Introduction
Hugging Face Datasets provides easy access to thousands of datasets for NLP, audio, and computer vision.
Loading Datasets
from datasets import load_dataset
# Load from Hub
dataset = load_dataset('mnist', split='train')
print(dataset)
# Load CSV
dataset = load_dataset('csv', data_files='data.csv', split='train')
# Load JSON
dataset = load_dataset('json', data_files='data.json', field='data')
# Load multiple files
dataset = load_dataset('csv', data_files=['train.csv', 'test.csv'])
Dataset Operations
# Access elements
print(dataset[0]) # First example
print(dataset['text'][:5]) # First 5 texts
# Properties
print(dataset.features)
print(dataset.num_rows)
print(dataset.column_names)
Transform with map
def tokenize(example):
return tokenizer(example['text'], truncation=True, padding='max_length', max_length=128)

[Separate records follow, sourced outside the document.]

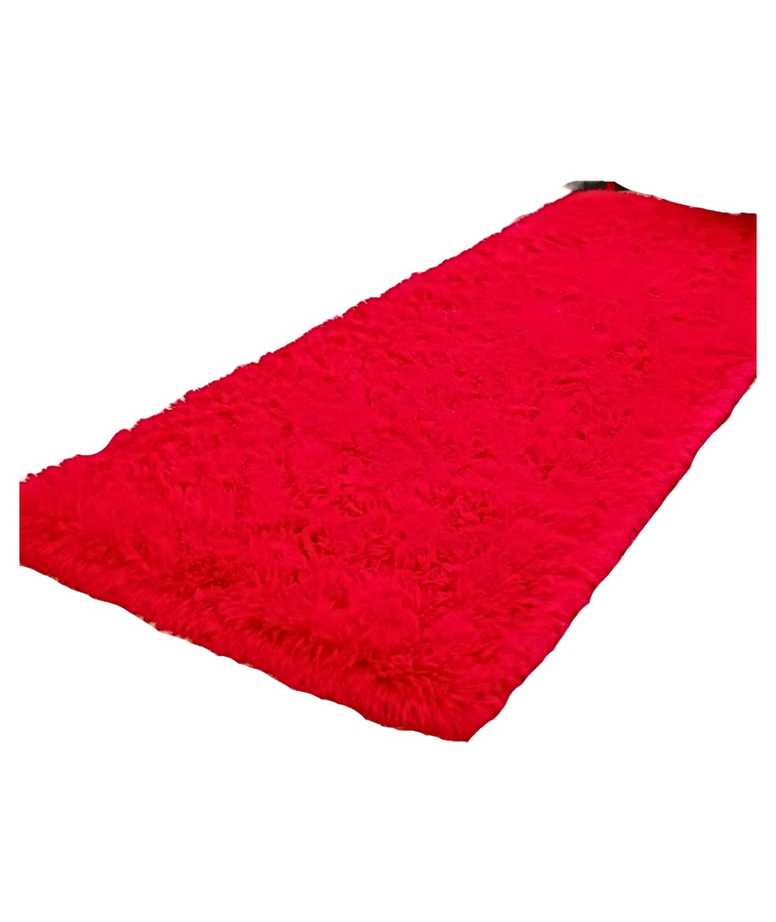 Fei Ya - Alfombra Peluda Pasillera Liviana 70X150 Ultra Suave Rojo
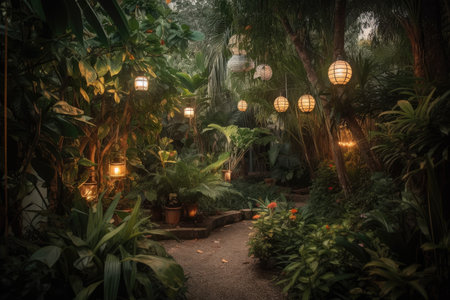 garden with lanterns and string lights among lush foliage, created with generative aiの素材
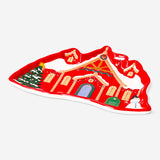 Flying Tiger Copenhagen Santa's house dish, 22 cm, a festive ceramic kitchen decoration with colorful holiday design.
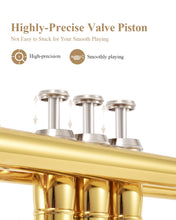 Load image into Gallery viewer, Eastar Bb Standard Trumpet Set for Beginner, Brass Student Trumpet Instrument with Hard Case, Cleaning Kit, 7C Mouthpiece and Gloves, ETR-380, Golden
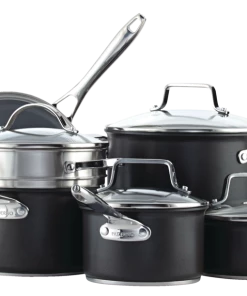PADERNO Hard Anodized Cookware Set, Non-Stick, PFOA-Free, Dishwasher & Oven Safe, 12-pc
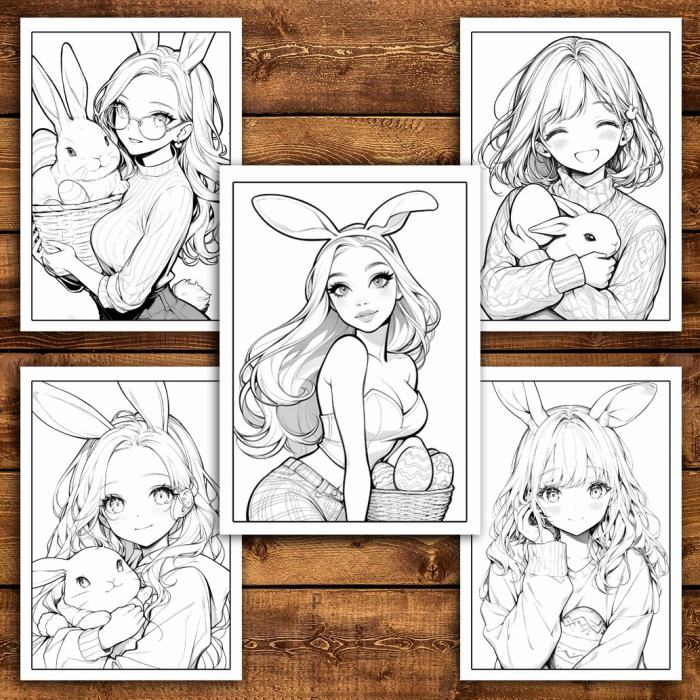 Carte de colorat pentru relaxare si antistres, 30 de ilustratii, Anime Easter Girls, 66 pagini [5]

tokenized = dataset.map(tokenize, batched=True)
print(tokenized)
Filter
# Filter by condition
filtered = dataset.filter(lambda x: len(x['text'].split()) > 10)
# Keep specific columns
filtered = dataset.filter(lambda x: x['label'] in [0, 1])
Split and Train/Test
# Split dataset
train_test = dataset.train_test_split(test_size=0.2)
train = train_test['train']
test = train_test['test']
# Stratified split
stratified = dataset.train_test_split(test_size=0.2, stratify_column_name='label')
Practice Problems
- Load dataset from Hub
- Access data elements
- Tokenize with map
- Filter examples
- Create train/test split